Gluten-Free Spinach and Feta Quiche

This crustless quiche is a delightful choice for a meatless, gluten-free Saturday brunch or dinner. It’s loaded with vibrant spinach, tangy feta cheese, and creamy eggs, delivering a light yet satisfying flavor. Simple to prepare, it pairs wonderfully with a fresh green salad or a side of roasted vegetables.

Ingredients

  • 1 tbsp olive oil
  • 1 small onion, finely chopped
  • 3 cups fresh spinach, roughly chopped
  • 6 large eggs
  • 1 cup milk (or dairy-free alternative)
  • 1/2 cup feta cheese, crumbled
  • 1/4 cup grated Parmesan cheese (optional)
  • 1/2 tsp nutmeg
  • Salt and pepper to taste
  • 1 tsp dried oregano

Instructions

  1. Preheat your oven to 375°F (190°C). Grease a 9-inch pie dish or baking pan.
  2. Heat olive oil in a skillet over medium heat. Add onion and sauté until softened, about 5 minutes. Add spinach and cook until wilted. Remove from heat.
  3. In a large bowl, whisk together eggs, milk, nutmeg, oregano, salt, and pepper.
  4. Stir the sautéed onion and spinach into the egg mixture, then fold in feta cheese and Parmesan (if using).
  5. Pour the mixture into the prepared pie dish.
  6. Bake for 30-35 minutes, or until the quiche is set in the middle and slightly golden on top.
  7. Let it cool for a few minutes before slicing and serving.

This Gluten-Free Spinach and Feta Quiche is a versatile dish that’s perfect for any time of the day. It’s easy to make, packed with flavor, and ensures a balanced meal with minimal effort. Customize it with your favorite vegetables for a unique twist!

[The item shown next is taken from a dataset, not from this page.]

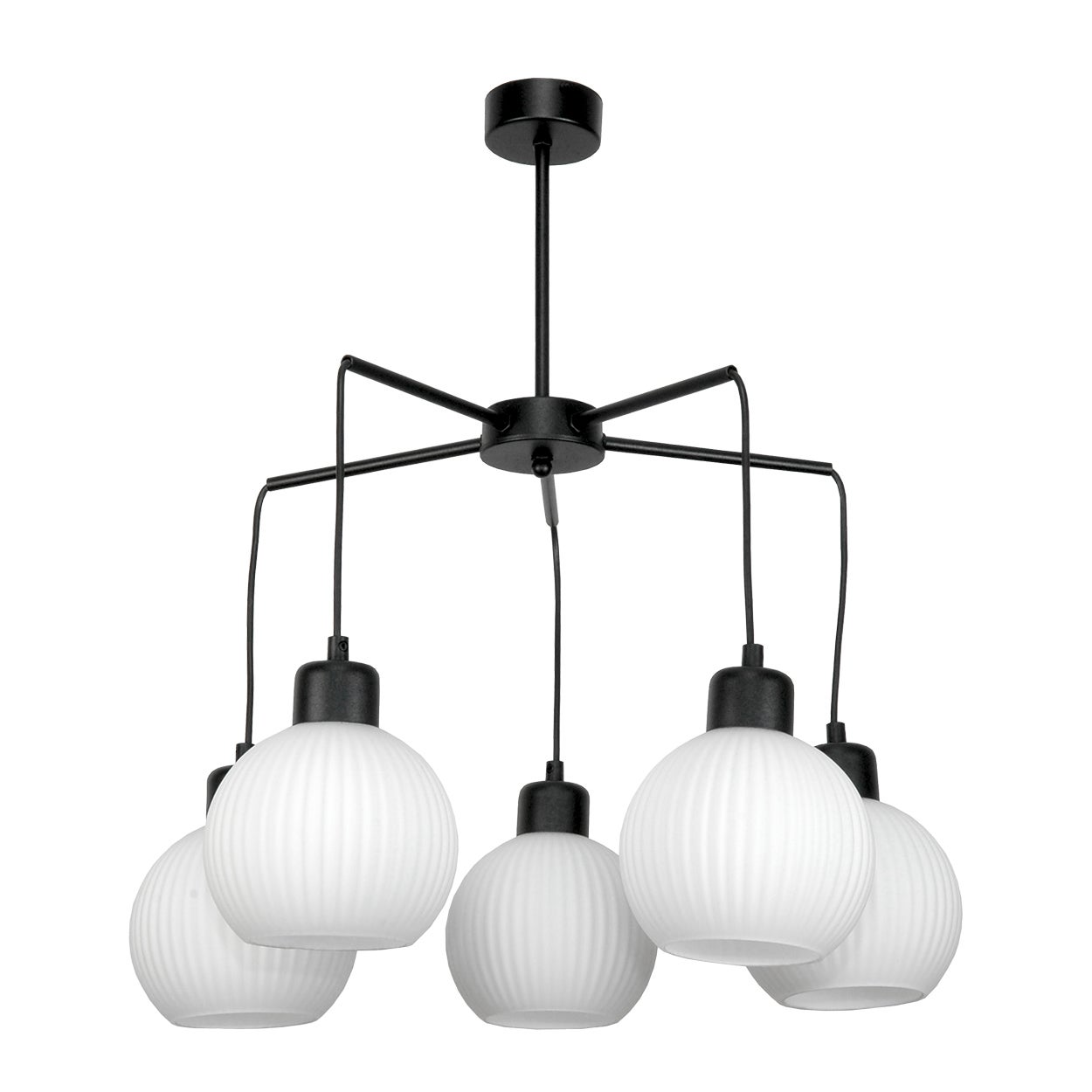Lampa wisząca sufitowa BETIS czarna nowoczesna 5xE27 białe ryflowane klosze Edylit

Zucchini Noodles with Creamy Avocado Pesto

Light, refreshing, and completely satisfying, this zucchini noodle dish features a rich and creamy avocado pesto that’s packed with flavor. It’s a quick, meatless, gluten-free recipe that’s perfect for a casual yet impressive Saturday dinner. The dish is bursting with nutrients and vibrant colors, making it a feast for both the eyes and the palate.

Ingredients

  • 4 medium zucchinis, spiralized
  • 1 ripe avocado
  • 1 cup fresh basil leaves
  • 1/4 cup pine nuts or walnuts
  • 2 tbsp lemon juice
  • 2 cloves garlic
  • 1/4 cup olive oil
  • Salt and pepper to taste
  • Cherry tomatoes for garnish (optional)

Instructions

  1. Using a spiralizer, prepare zucchini noodles and set them aside.
  2. In a food processor, combine avocado, basil, pine nuts, lemon juice, garlic, and olive oil. Blend until smooth and creamy. Add salt and pepper to taste.
  3. Toss the zucchini noodles with the avocado pesto until well coated.
  4. Serve immediately, topped with halved cherry tomatoes if desired.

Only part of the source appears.